● Exercise instructions: After reading the records, print them all again exactly as they stand.

Collected data entries:
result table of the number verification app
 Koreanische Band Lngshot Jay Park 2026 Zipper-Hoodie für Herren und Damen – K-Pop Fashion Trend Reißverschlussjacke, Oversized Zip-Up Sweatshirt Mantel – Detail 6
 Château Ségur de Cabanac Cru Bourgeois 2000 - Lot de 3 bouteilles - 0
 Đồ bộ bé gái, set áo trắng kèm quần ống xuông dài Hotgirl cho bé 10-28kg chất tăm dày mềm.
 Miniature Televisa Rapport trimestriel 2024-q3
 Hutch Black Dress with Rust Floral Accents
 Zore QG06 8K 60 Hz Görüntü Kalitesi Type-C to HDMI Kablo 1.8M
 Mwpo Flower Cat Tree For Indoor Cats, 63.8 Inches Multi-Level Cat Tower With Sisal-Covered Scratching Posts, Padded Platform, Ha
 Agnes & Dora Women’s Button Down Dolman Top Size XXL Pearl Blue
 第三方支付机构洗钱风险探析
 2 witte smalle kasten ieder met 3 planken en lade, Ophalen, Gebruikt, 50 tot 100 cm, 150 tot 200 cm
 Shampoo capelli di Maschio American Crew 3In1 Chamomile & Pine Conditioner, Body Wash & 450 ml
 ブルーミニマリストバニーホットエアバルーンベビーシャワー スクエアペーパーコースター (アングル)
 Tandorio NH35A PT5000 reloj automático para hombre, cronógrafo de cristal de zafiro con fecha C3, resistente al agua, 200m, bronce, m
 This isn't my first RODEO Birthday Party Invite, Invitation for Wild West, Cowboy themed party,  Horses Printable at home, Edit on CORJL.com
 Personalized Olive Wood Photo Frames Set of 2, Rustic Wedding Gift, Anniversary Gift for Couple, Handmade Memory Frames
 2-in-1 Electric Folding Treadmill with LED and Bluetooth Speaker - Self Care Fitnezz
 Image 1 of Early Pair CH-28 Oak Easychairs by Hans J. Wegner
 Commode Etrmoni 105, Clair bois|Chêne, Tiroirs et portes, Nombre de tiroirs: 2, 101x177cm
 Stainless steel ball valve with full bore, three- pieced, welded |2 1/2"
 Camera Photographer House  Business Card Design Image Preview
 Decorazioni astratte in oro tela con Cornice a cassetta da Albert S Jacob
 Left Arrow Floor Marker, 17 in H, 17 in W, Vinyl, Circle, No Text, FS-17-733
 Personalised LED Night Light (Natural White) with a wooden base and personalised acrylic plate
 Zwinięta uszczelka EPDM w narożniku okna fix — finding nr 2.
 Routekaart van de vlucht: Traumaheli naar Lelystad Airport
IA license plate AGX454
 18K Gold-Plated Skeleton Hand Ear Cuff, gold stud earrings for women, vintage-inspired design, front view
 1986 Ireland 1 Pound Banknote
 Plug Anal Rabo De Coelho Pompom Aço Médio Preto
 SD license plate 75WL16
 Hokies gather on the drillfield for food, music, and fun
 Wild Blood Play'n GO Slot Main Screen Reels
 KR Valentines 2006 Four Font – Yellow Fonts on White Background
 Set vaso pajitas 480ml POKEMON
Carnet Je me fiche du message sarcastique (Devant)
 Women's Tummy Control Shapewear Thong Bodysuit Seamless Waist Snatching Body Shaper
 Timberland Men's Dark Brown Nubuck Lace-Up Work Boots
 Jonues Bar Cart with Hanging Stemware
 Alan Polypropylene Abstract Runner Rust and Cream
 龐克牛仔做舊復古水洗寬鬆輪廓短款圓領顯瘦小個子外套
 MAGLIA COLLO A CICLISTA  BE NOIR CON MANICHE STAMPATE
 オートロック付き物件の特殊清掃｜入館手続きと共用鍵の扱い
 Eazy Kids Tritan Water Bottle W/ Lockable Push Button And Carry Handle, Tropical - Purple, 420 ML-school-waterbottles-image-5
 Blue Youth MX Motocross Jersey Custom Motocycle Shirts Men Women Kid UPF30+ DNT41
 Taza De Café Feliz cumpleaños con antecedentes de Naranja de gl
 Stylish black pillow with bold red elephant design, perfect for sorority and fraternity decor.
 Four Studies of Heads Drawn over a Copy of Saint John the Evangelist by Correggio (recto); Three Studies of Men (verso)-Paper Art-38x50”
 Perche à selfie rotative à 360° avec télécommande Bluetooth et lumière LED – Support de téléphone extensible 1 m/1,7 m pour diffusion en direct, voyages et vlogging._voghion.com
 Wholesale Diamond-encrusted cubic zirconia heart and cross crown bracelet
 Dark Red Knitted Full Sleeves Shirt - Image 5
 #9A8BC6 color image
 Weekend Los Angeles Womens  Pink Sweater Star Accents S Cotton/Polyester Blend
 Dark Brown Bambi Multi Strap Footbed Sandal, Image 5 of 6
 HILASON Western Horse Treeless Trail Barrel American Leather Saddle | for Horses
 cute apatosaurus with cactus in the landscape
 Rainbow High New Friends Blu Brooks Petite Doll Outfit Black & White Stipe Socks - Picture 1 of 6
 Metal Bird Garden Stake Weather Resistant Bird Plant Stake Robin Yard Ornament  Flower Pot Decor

● Output of the exercise:
result table of the number verification app
 Koreanische Band Lngshot Jay Park 2026 Zipper-Hoodie für Herren und Damen – K-Pop Fashion Trend Reißverschlussjacke, Oversized Zip-Up Sweatshirt Mantel – Detail 6
 Château Ségur de Cabanac Cru Bourgeois 2000 - Lot de 3 bouteilles - 0
 Đồ bộ bé gái, set áo trắng kèm quần ống xuông dài Hotgirl cho bé 10-28kg chất tăm dày mềm.
 Miniature Televisa Rapport trimestriel 2024-q3
 Hutch Black Dress with Rust Floral Accents
 Zore QG06 8K 60 Hz Görüntü Kalitesi Type-C to HDMI Kablo 1.8M
 Mwpo Flower Cat Tree For Indoor Cats, 63.8 Inches Multi-Level Cat Tower With Sisal-Covered Scratching Posts, Padded Platform, Ha
 Agnes & Dora Women’s Button Down Dolman Top Size XXL Pearl Blue
 第三方支付机构洗钱风险探析
 2 witte smalle kasten ieder met 3 planken en lade, Ophalen, Gebruikt, 50 tot 100 cm, 150 tot 200 cm
 Shampoo capelli di Maschio American Crew 3In1 Chamomile & Pine Conditioner, Body Wash & 450 ml
 ブルーミニマリストバニーホットエアバルーンベビーシャワー スクエアペーパーコースター (アングル)
 Tandorio NH35A PT5000 reloj automático para hombre, cronógrafo de cristal de zafiro con fecha C3, resistente al agua, 200m, bronce, m
 This isn't my first RODEO Birthday Party Invite, Invitation for Wild West, Cowboy themed party,  Horses Printable at home, Edit on CORJL.com
 Personalized Olive Wood Photo Frames Set of 2, Rustic Wedding Gift, Anniversary Gift for Couple, Handmade Memory Frames
 2-in-1 Electric Folding Treadmill with LED and Bluetooth Speaker - Self Care Fitnezz
 Image 1 of Early Pair CH-28 Oak Easychairs by Hans J. Wegner
 Commode Etrmoni 105, Clair bois|Chêne, Tiroirs et portes, Nombre de tiroirs: 2, 101x177cm
 Stainless steel ball valve with full bore, three- pieced, welded |2 1/2"
 Camera Photographer House  Business Card Design Image Preview
 Decorazioni astratte in oro tela con Cornice a cassetta da Albert S Jacob
 Left Arrow Floor Marker, 17 in H, 17 in W, Vinyl, Circle, No Text, FS-17-733
 Personalised LED Night Light (Natural White) with a wooden base and personalised acrylic plate
 Zwinięta uszczelka EPDM w narożniku okna fix — finding nr 2.
 Routekaart van de vlucht: Traumaheli naar Lelystad Airport
IA license plate AGX454
 18K Gold-Plated Skeleton Hand Ear Cuff, gold stud earrings for women, vintage-inspired design, front view
 1986 Ireland 1 Pound Banknote
 Plug Anal Rabo De Coelho Pompom Aço Médio Preto
 SD license plate 75WL16
 Hokies gather on the drillfield for food, music, and fun
 Wild Blood Play'n GO Slot Main Screen Reels
 KR Valentines 2006 Four Font – Yellow Fonts on White Background
 Set vaso pajitas 480ml POKEMON
Carnet Je me fiche du message sarcastique (Devant)
 Women's Tummy Control Shapewear Thong Bodysuit Seamless Waist Snatching Body Shaper
 Timberland Men's Dark Brown Nubuck Lace-Up Work Boots
 Jonues Bar Cart with Hanging Stemware
 Alan Polypropylene Abstract Runner Rust and Cream
 龐克牛仔做舊復古水洗寬鬆輪廓短款圓領顯瘦小個子外套
 MAGLIA COLLO A CICLISTA  BE NOIR CON MANICHE STAMPATE
 オートロック付き物件の特殊清掃｜入館手続きと共用鍵の扱い
 Eazy Kids Tritan Water Bottle W/ Lockable Push Button And Carry Handle, Tropical - Purple, 420 ML-school-waterbottles-image-5
 Blue Youth MX Motocross Jersey Custom Motocycle Shirts Men Women Kid UPF30+ DNT41
 Taza De Café Feliz cumpleaños con antecedentes de Naranja de gl
 Stylish black pillow with bold red elephant design, perfect for sorority and fraternity decor.
 Four Studies of Heads Drawn over a Copy of Saint John the Evangelist by Correggio (recto); Three Studies of Men (verso)-Paper Art-38x50”
 Perche à selfie rotative à 360° avec télécommande Bluetooth et lumière LED – Support de téléphone extensible 1 m/1,7 m pour diffusion en direct, voyages et vlogging._voghion.com
 Wholesale Diamond-encrusted cubic zirconia heart and cross crown bracelet
 Dark Red Knitted Full Sleeves Shirt - Image 5
 #9A8BC6 color image
 Weekend Los Angeles Womens  Pink Sweater Star Accents S Cotton/Polyester Blend
 Dark Brown Bambi Multi Strap Footbed Sandal, Image 5 of 6
 HILASON Western Horse Treeless Trail Barrel American Leather Saddle | for Horses
 cute apatosaurus with cactus in the landscape
 Rainbow High New Friends Blu Brooks Petite Doll Outfit Black & White Stipe Socks - Picture 1 of 6
 Metal Bird Garden Stake Weather Resistant Bird Plant Stake Robin Yard Ornament  Flower Pot Decor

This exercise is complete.